A super weird quality of numbers that is hard to explain.

Question

First off, I know that 0.9… = 1 and I'm not trying to prove or debate that, but my discussion about it is necessary for understanding the question. I was talking to my brother about whether 0.9… equaled one and I was using the “No holes in the number line proof” to get my point across when he said that 0.9… + (0.0…1)/2 would fit in between 0.9… and 1. Now I didn't know whether 0.0…1 was a valid number or not but I guess technically had to (if it's not feel free to tell me but for the rest of this we'll be pretending it is, think of it as a fun what if situation). I told him that it couldn't be divided because it's equal to zero, nothing could fit in between it and zero. He said (0.0…1)/2 could. I told him that assuming he could, it would equal 0.0…05 and infinity plus one equals infinity meaning that it could be simplified down to 0.0…5 and that 0.0…5 doesn't fit in between 0 and 0.0…1 meaning that 0.0…1 = 0 so 0.9… + 0.0…1 = 1 could be simplified down to 0.9… + 0 = 1, 0.9… = 1. He told me that infinity plus one does not equal infinity and I gave up. All that said and done, I was still left thinking about the numbers 0.0…1 through 0.0…9 and I realized they are quite weird. If we define x ≠ y as x having space in between it and y on the number line, and x = y as x having no space in between it and y on the number line you will see where the weirdness starts. For just one example, if x = 0.0…1 and y = 0.0…2 then x = y. Now if z = 0.0…3 then y = z. But the thing is x ≠ z because y would fit in between them meaning that, y = x and y = z but x ≠ z. To keep this from breaking the transitive property of equality y would have to be both equal to and not equal to both x and z at the same time. That is why I have dubbed these numbers “Quantum Numbers”. Does anyone know whether or not anyone has published anything on them, I would be interested to know, and if you have anything to add please do.

Answer 1

In the numerator of your added quantity (the thing divided by $2$), how many zeroes are meant to be before the final $1$? If it is infinitely many, then that "decimal" doesn't make sense because what power of $1/10$ goes with the final $1$? If it is a finite number of zeroes the argument doesn't work anyway.

Answer 2

The thing is, writing $0.999\cdots$ or $0.\overline 9$ means $\sum_{n=1}^\infty \dfrac{9}{10^n}$, which, in turn, equals $\displaystyle\lim_{n \to \infty}\left(\sum_{k=1}^n \dfrac{9}{10^k}\right)$.
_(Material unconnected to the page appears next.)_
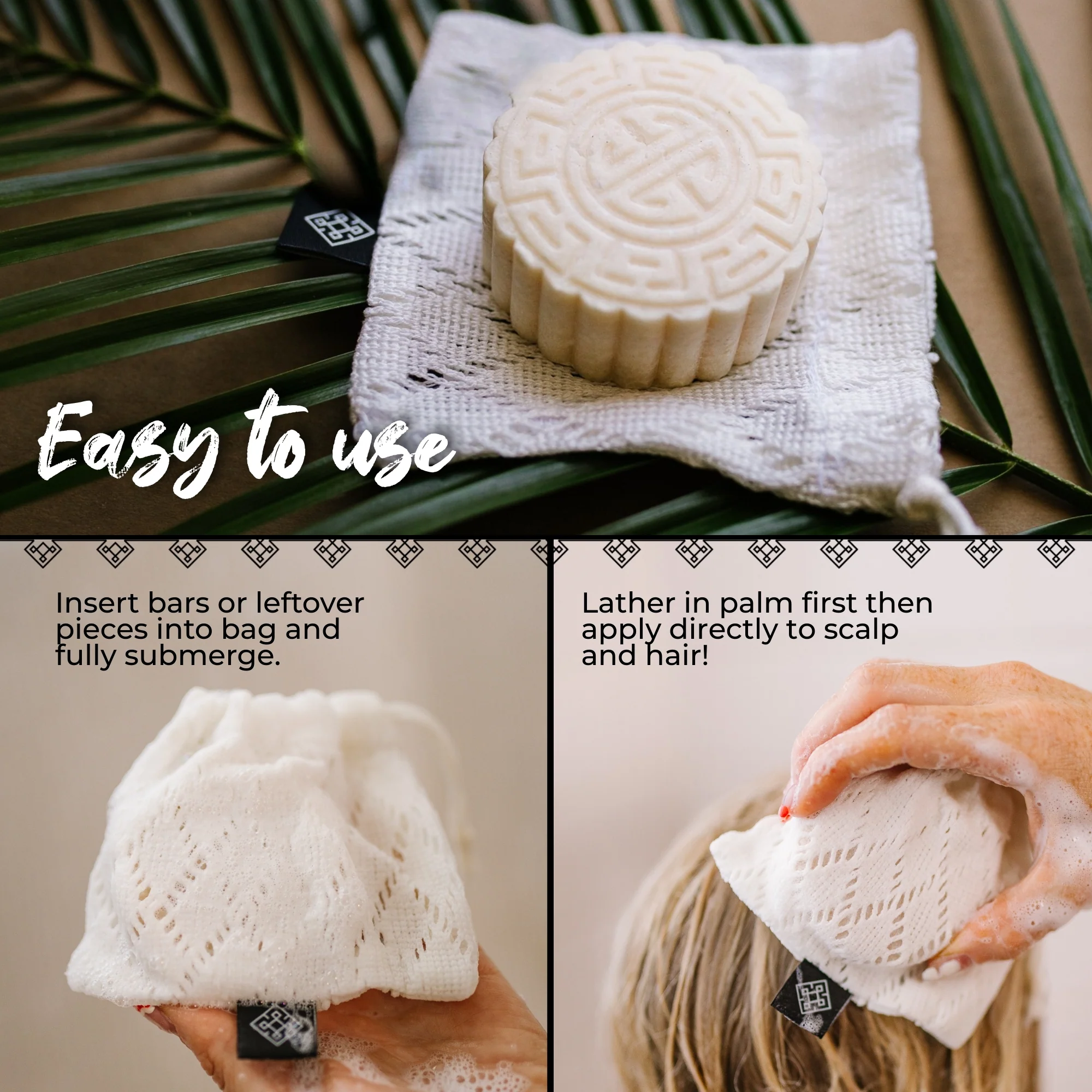White Shower Soap Bags - Image 4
At no time is $$0.\underbrace{999\dots999}_{\text{n nines}}=\sum_{k=1}^n \dfrac{9}{10^k}$$ ever actually equal to $1$. But the difference between that sum and $1$

$$1-0.\underbrace{999\dots999}_{\text{n nines}} = 0.\underbrace{000\dots00}_{n-1\text{ zeros}}1=\dfrac{1}{10^n}$$

can be made smaller than any given positive number just by making $n$ large enough.

You wrote $.00\dots 01$ but you didn't define what you mean by it. Well, the only definition I can think of is

$$.00\dots 01 = \lim_{n \to \infty} 0.\underbrace{000\dots00}_{n-1\text{ zeros}}1 = \lim_{n \to \infty}\dfrac{1}{10^n} = 0 $$